We are actually seeing pretty "normal" advertisers' behavior in Q3 other than these two verticals that we have just mentioned. Wendy Wong - RBS: Thank you.
Your last question comes from the line of Wallace Cheung with Credit Suisse. Wallace Cheung - Credit Suisse: Hi. A very quick question regarding (inaudible). I think the main reasons behind —
We can't hear you, Wallace. Wallace Cheung - Credit Suisse: Sorry about that. Okay, let me repeat the question again. It is regarding the sponsor search revenue. There are two strong quarters growth sequentially, any specific reasons behind any reasons related to the Sogo Pinyin? Thank you.

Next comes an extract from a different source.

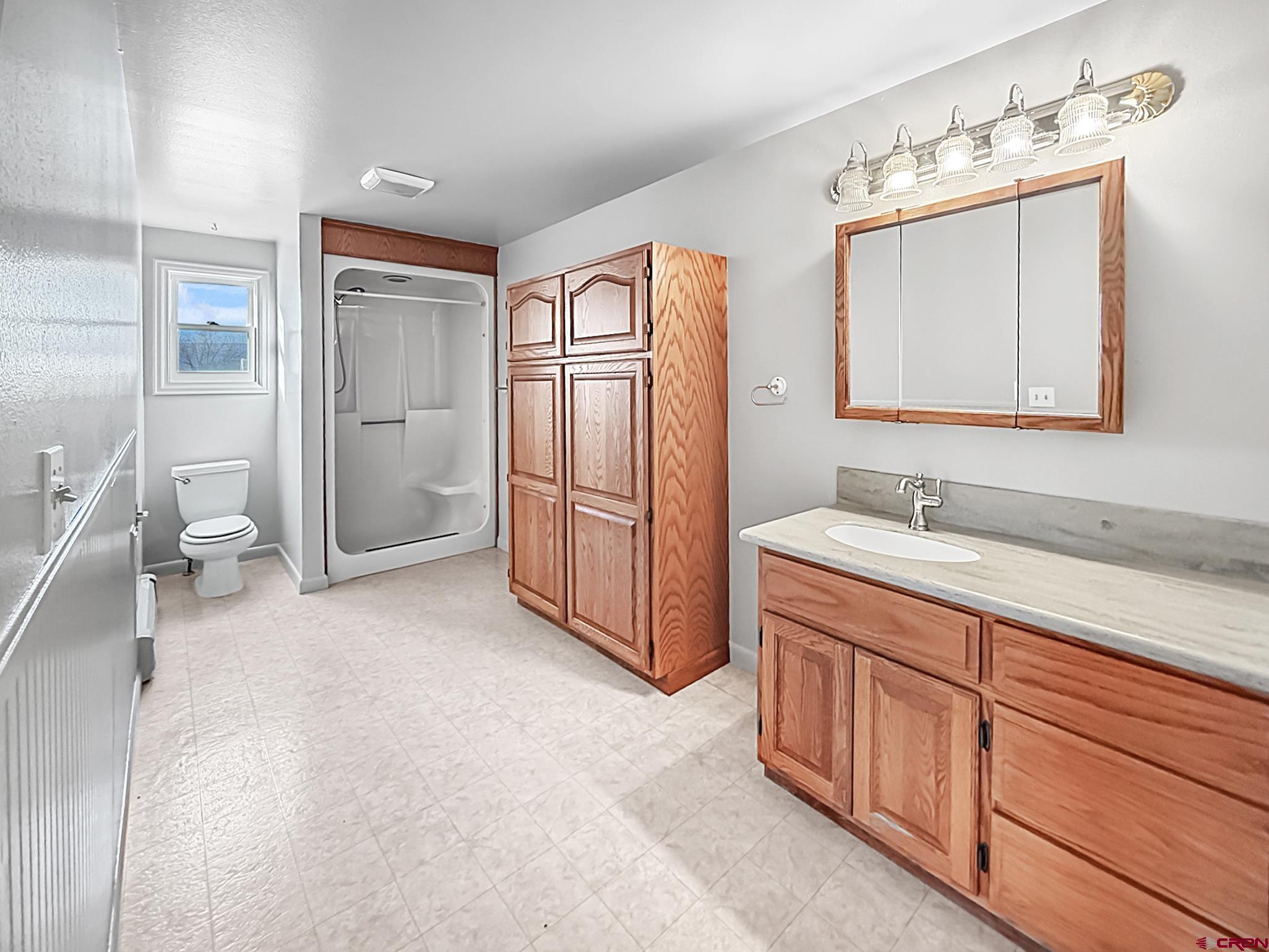 17343 Surface Creek Road Cedaredge, CO 81413 - Photo 10 of 45 a spacious bathroom with a double vanity sink and a mirror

Yeah. I think the sponsor search still have a small number on the revenue side, but it's doing well now. It's a combined effort of a better Sohu brand because of the Sogo Pinyin and also increased traffic and also a better commercial system that monitors — provides a better mesh of the queries with the advertisers so it's really a combined effort. So it is a small number, but of strong growth, and we also expect the Q4 strong growth and the 2010, but it's something that probably is working a little bit now. Wallace Cheung - Credit Suisse: Is there any plan to have a new strategy on the wireless search side?
Well, yes. We are looking at that, but we believe that wireless search is no different from PC-based search, it is just an extension. So we need to make sure because the WAP search is really — WAP is really not an independent separate category. There are only a limited number of WAP sites so for wireless search it is really about web search so we need to first make sure that Sohu PC-based web search a success, or at least catch up, and have a slice of the pie. And then wireless search is definitely a natural extension. And also we're also looking at the Sogo Pinyin merchant and we hope that we'll be able to repeat the success of Sogo Pinyin on the PC platform and repeat that success with mobile phones. Wallace Cheung - Credit Suisse: Thank you very much.
We are now approaching the end of the conference call. I will now turn the call over to Sohu's Investor Relations Representative from Ogilvie Financial, Mr. Derek Mitchell of Ogilvy Financial for closing remarks. Please proceed.
Thank you, everyone, for joining today's call. If you have any followup questions, please do not hesitate to contact Sohu. Thank you.
Thank you for your participation in today's conference. This concludes the presentation. You may now disconnect. Good day, everyone.